0204I. Cuatro son los rituales que organiza Terence Fisher en Prince of Darkness, dos a modo de aperitivos y uno como postre del plato principal de su película: la aparición del conde en una secuencia ceremonial inolvidable por la que debemos esperar hasta la segunda mitad del largometraje. El primero de ellos se desarrolla apenas comenzada la película. En la mismísima secuencia de apertura vemos avanzar un cortejo fúnebre bajo la sombra pesada de los árboles hasta un claro del bosque no particularmente luminoso pero sí dominado por una tonalidad de verde tan opaca como intensa. Mientras un representante eclesiástico se dispone a oficiar la ceremonia última frente al cadáver de una señorita, aparece otro y lo interrumpe rifle en mano y a caballo, so pretexto de que el alma de la joven fallecida cuyo cuerpo se disponen a sepultar, antes precisa ser liberada de la maldición que pesa sobre ella. La estaca, el martillo y un preciso, fugaz, y escalofriante -o estimulante- primer plano del rostro transfigurado del vampiro hembra, le darán la razón ante el estupor general de los espectadores.

Aquello que se puede ver en la segunda secuencia litúrgica es todavía menos que en la recién descrita, lo que sienta las bases del principio de economía visual administrado por Fisher a lo largo de toda la película. Gracias al fuera de campo y el sonido en off asistimos a un exorcismo menos explícito pero no menos brutal que los que filmara William Friedkin pocos años después y que acaba, de nuevo, con la definitiva muerte física de la víctima. Esto lo menciono porque, no casualmente, en las dos ceremonias instituidas por la iglesia que se nos muestran a lo largo de la película, la salvación es sinónimo de dolor, inactividad y muerte de la carne, pero en las oficiadas por y para el mal la liturgia redunda en recuperación de la vida corporal, apetito, deseo y placer físico. No poca evidencia de la aseveración precedente lo constituye la postrera secuencia ritual a la que ahora he de referirme. Postrera porque es la última de esta serie de cuatro —ya llegaremos a la tercera y medular— y también porque cumple la función del postre en este opíparo banquete simbólico.

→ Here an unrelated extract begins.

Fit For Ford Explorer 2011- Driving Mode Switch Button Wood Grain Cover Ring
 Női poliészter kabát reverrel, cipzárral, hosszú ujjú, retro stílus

La eficacia erótica de esta ceremonia reside en la elegante osadía de su puesta en escena. Nos hemos acostumbrado a ver cómo el cuerpo de Drácula desaparece bajo oscuros atuendos decimonónicos y la pesada capa de rigor. Físicamente hablando el conde no ha sido mucho más que una cabeza y, sobre todo, unos colmillos. Pues hasta las uñas góticas de Max Shreck en la versión de Murnau, los ojos literalmente inyectados en sangre de Christopher Lee, y las aristocráticas cejas de Bela Lugosi son accesorios, marcas de estilo, notas al pie, signos que pueden ser leídos como manifestaciones externas y decadentes de la maldad atribuida al personaje. Pero cuando el Drácula de Fisher se abre la camisa para que una recién casada le succione la sangre de una herida abdominal que el mismo conde se ha causado estamos ante un momento único, una situación extrema y sexualmente transgresora como ninguna en la saga hasta entonces. Gradual y ávidamente la cámara va dejando la cabeza de la mujer fuera del encuadre y al tomar en contra picado el satisfecho rostro del conde, ya todos sabemos de qué se trata la cosa.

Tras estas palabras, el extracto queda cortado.